### What is expected:
Reproduce exactly the lines of the material beneath, from the line that contains "Great Britain Great" to the line that contains "Imagem de Hub", both included, and no other lines.

### Supplied entries:
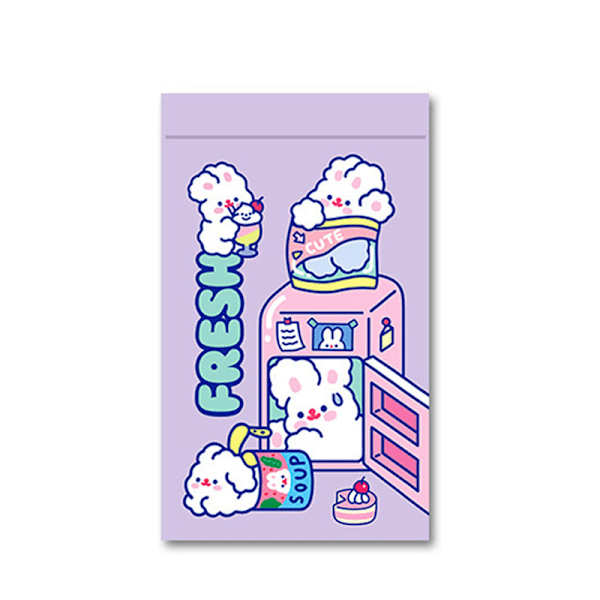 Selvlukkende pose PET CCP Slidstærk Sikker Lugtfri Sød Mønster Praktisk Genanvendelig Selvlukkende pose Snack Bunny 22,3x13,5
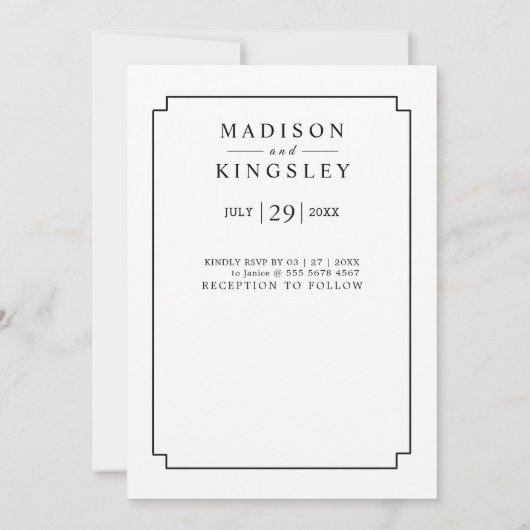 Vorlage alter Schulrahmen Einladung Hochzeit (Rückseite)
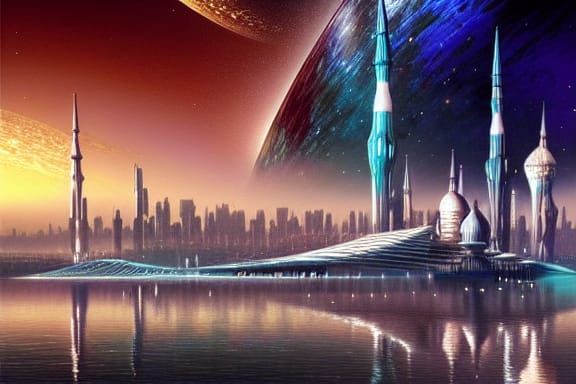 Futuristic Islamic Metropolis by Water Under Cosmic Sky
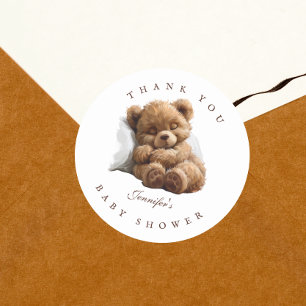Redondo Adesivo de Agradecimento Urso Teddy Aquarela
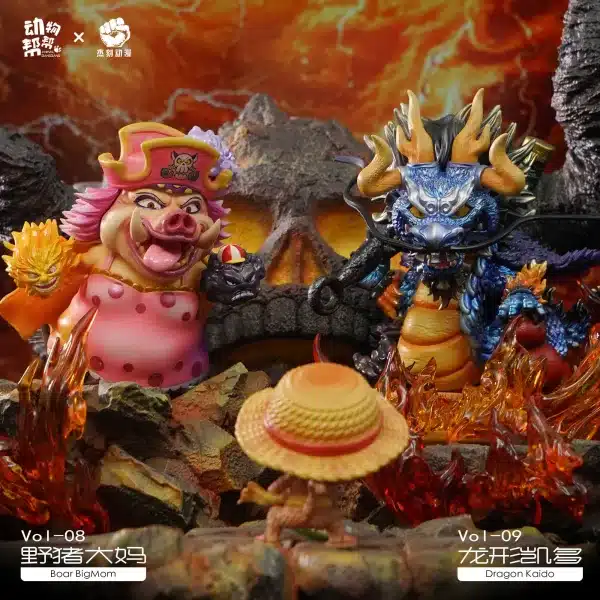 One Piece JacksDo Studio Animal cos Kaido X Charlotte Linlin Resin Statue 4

...

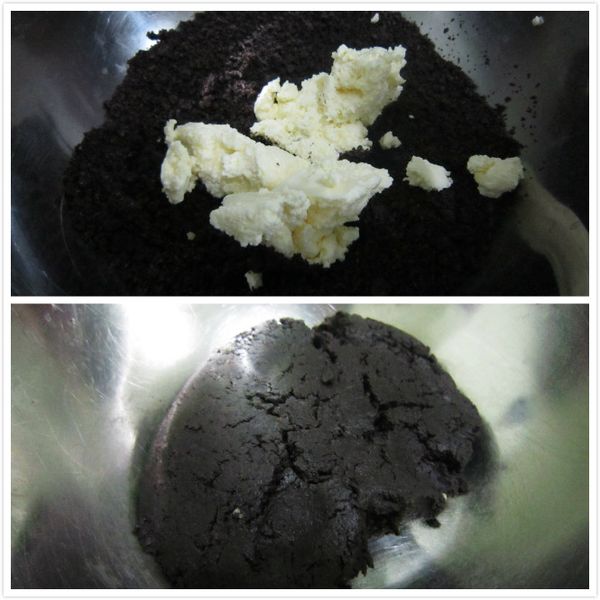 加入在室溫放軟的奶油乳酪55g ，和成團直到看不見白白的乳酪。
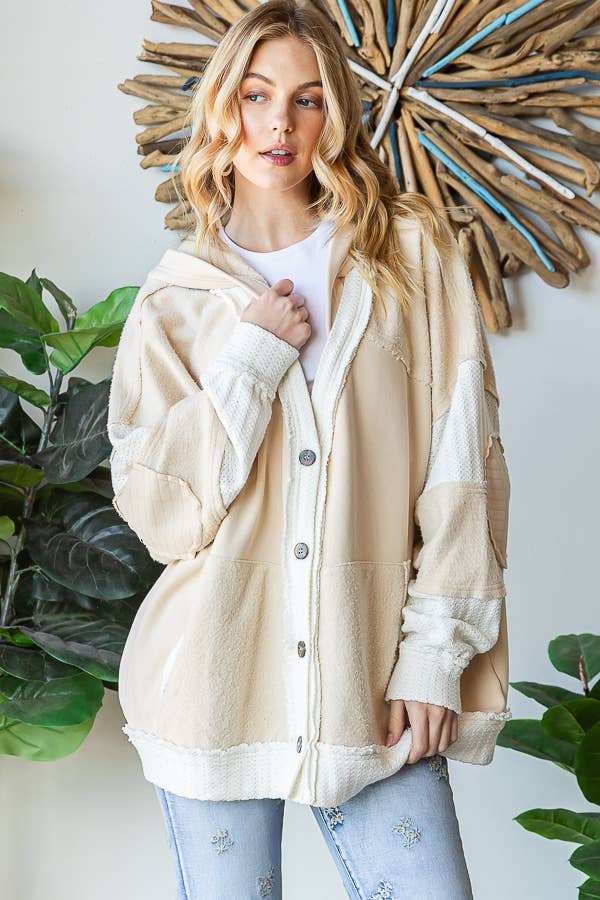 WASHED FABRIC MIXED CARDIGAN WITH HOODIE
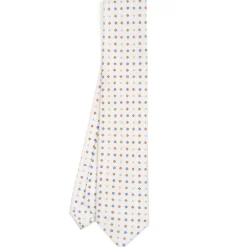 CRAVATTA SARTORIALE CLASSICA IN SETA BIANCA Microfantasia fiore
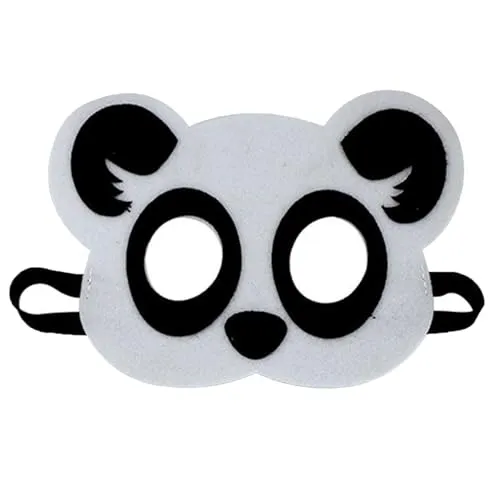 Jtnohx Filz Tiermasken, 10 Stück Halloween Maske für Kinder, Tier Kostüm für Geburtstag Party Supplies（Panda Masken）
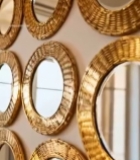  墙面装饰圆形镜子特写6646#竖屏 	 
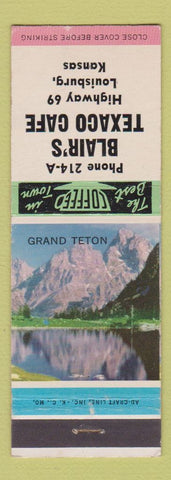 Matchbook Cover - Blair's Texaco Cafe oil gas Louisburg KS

---

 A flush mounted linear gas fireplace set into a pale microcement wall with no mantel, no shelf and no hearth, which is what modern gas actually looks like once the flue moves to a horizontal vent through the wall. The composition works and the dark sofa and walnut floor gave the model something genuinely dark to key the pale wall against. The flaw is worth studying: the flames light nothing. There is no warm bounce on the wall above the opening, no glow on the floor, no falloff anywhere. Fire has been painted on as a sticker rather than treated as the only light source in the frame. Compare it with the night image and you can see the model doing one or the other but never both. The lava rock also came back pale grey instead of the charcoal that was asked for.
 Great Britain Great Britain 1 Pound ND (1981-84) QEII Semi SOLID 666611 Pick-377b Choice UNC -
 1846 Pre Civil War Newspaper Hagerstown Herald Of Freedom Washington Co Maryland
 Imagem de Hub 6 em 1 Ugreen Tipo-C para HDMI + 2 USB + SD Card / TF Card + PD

### Exercise answer:
 Great Britain Great Britain 1 Pound ND (1981-84) QEII Semi SOLID 666611 Pick-377b Choice UNC -
 1846 Pre Civil War Newspaper Hagerstown Herald Of Freedom Washington Co Maryland
 Imagem de Hub 6 em 1 Ugreen Tipo-C para HDMI + 2 USB + SD Card / TF Card + PD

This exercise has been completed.